# Olivetti Faces Dataset

In [None]:
from sklearn import metrics
from sklearn.metrics import silhouette_score
from scipy.spatial.distance import cdist
from yellowbrick.cluster import SilhouetteVisualizer

The classic Olivetti faces dataset contains 400 grayscale 64 × 64–pixel images of faces. Each image is flattened to a 1D vector of size 4,096. 40 different people were photographed (10 times each), and the usual task is to train a model that can predict which person is represented in each picture. Load the dataset using the sklearn.datasets.fetch_olivetti_faces() function.
http://www.cl.cam.ac.uk/research/dtg/attarchive/facedatabase.html 
https://github.com/ageron/handson-ml2/blob/master/09_unsupervised_learning.ipynb 

In [None]:
from sklearn.datasets import fetch_olivetti_faces

In [None]:
olivetti = fetch_olivetti_faces()
print(olivetti.DESCR)

In [None]:
olivetti

The "target" is an integer from 0 to 39 indicating the identity of the person pictured

In [None]:
olivetti.target

In [None]:
im = olivetti.images
im[4]

In [None]:
# Split the data
from sklearn.model_selection import StratifiedShuffleSplit

strat_split = StratifiedShuffleSplit(n_splits=1, test_size=40, random_state=42)

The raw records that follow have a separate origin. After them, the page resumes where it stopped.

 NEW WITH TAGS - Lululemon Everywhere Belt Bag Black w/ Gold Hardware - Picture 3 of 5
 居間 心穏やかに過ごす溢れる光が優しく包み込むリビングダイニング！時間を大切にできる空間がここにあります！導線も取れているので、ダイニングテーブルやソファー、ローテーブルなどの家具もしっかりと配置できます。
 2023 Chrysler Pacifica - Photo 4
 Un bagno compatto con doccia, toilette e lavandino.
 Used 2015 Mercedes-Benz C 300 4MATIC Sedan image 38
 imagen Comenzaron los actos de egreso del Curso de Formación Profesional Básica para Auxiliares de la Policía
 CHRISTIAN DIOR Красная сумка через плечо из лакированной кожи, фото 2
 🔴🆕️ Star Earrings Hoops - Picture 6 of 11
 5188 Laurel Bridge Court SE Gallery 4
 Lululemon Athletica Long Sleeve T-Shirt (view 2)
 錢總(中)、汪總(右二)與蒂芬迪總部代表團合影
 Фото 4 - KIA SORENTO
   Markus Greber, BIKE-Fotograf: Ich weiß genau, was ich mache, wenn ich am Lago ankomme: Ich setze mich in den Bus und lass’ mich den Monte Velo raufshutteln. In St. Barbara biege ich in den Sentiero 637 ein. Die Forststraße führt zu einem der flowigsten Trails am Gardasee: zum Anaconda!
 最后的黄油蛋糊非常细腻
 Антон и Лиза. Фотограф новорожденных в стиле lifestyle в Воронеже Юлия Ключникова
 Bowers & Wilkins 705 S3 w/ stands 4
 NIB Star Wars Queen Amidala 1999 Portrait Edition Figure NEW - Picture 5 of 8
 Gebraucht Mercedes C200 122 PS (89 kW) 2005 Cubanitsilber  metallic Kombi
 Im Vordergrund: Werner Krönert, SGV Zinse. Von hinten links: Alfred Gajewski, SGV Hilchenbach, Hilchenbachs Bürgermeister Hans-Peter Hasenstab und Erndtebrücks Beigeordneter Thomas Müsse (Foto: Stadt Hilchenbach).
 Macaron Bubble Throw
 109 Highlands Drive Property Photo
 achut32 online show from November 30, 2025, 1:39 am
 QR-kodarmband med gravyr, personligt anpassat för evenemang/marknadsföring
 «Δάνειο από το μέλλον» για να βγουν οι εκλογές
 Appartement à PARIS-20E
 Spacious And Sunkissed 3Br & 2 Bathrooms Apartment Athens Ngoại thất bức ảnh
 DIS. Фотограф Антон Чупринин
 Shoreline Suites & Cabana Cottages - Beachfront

train_valid_idx, test_idx = next(strat_split.split(olivetti.data, olivetti.target))
X_train_valid = olivetti.data[train_valid_idx]
y_train_valid = olivetti.target[train_valid_idx]
X_test = olivetti.data[test_idx]
y_test = olivetti.target[test_idx]

strat_split = StratifiedShuffleSplit(n_splits=1, test_size=80, random_state=43)
train_idx, valid_idx = next(strat_split.split(X_train_valid, y_train_valid))
X_train = X_train_valid[train_idx]
y_train = y_train_valid[train_idx]
X_valid = X_train_valid[valid_idx]
y_valid = y_train_valid[valid_idx]

In [None]:
# reduce the data's dimensionality using PCA
from sklearn.decomposition import PCA

In [None]:
pca = PCA(0.99)
# pca = PCA(n_components=200)
X_train_pca = pca.fit_transform(X_train)
X_valid_pca = pca.transform(X_valid)
X_test_pca = pca.transform(X_test)

In [None]:
pca.n_components_

In [None]:
# The PCA class contains explained variance  ratio, 
# which returns the variance caused by each of the principal components
explained_variance = pca.explained_variance_ratio_  
explained_variance

In [None]:
# Plot the explained_variance
plt.plot(explained_variance, 'bx-', c='red')
plt.xlabel('component')
plt.ylabel('variance')
plt.title('The optimal number of components')
plt.show()

In [None]:
# Plot the cumulative explained_variance
cumulative = np.cumsum(explained_variance)
plt.plot(cumulative, 'b*-', c='green')
plt.xlabel('components')
plt.ylabel('cumulative')
plt.title('The optimal number of components')
plt.show()

## Clustering

In [None]:
import numpy as np
import pandas as pd
import matplotlib.pyplot as plt

In [None]:
from sklearn.cluster import KMeans
from sklearn.metrics import silhouette_score

In [None]:
k_range = range(5, 200, 5)
kmeans_per_k = []
for k in k_range:
    kmeans = KMeans(n_clusters=k, random_state=42).fit(X_train)
    kmeans_per_k.append(kmeans)

In [None]:
silhouette_scores = [silhouette_score(X_train, model.labels_) 
                     for model in kmeans_per_k]

In [None]:
best_index = np.argmax(silhouette_scores)
best_k = k_range[best_index]
best_score = silhouette_scores[best_index]

In [None]:
plt.figure(figsize=(8, 3))
plt.plot(k_range, silhouette_scores, "bo-")
plt.xlabel("$k$", fontsize=14)
plt.ylabel("Silhouette score", fontsize=14)
plt.plot(best_k, best_score, "rs")
plt.show()

In [None]:
best_k

In [None]:
best_model = kmeans_per_k[best_index]
best_model

In [None]:
# Visualize the clusters: do you see similar faces in each cluster?
def plot_faces(faces, labels, n_cols=10):
    faces = faces.reshape(-1, 64, 64)
    n_rows = (len(faces) - 1) // n_cols + 1
    plt.figure(figsize=(n_cols, n_rows * 1.1))
    for index, (face, label) in enumerate(zip(faces, labels)):
        plt.subplot(n_rows, n_cols, index + 1)
        plt.imshow(face, cmap="gray")
        plt.axis("off")
        plt.title(label)
    plt.show()

In [None]:
for cluster_id in np.unique(best_model.labels_):
    print("Cluster", cluster_id)
    in_cluster = best_model.labels_==cluster_id
    faces = X_train[in_cluster]
    labels = y_train[in_cluster]
    plot_faces(faces, labels)

In [None]:
score = silhouette_score(X_train, best_model.labels_, metric='euclidean')
print('Silhouette Score: %.3f' % score)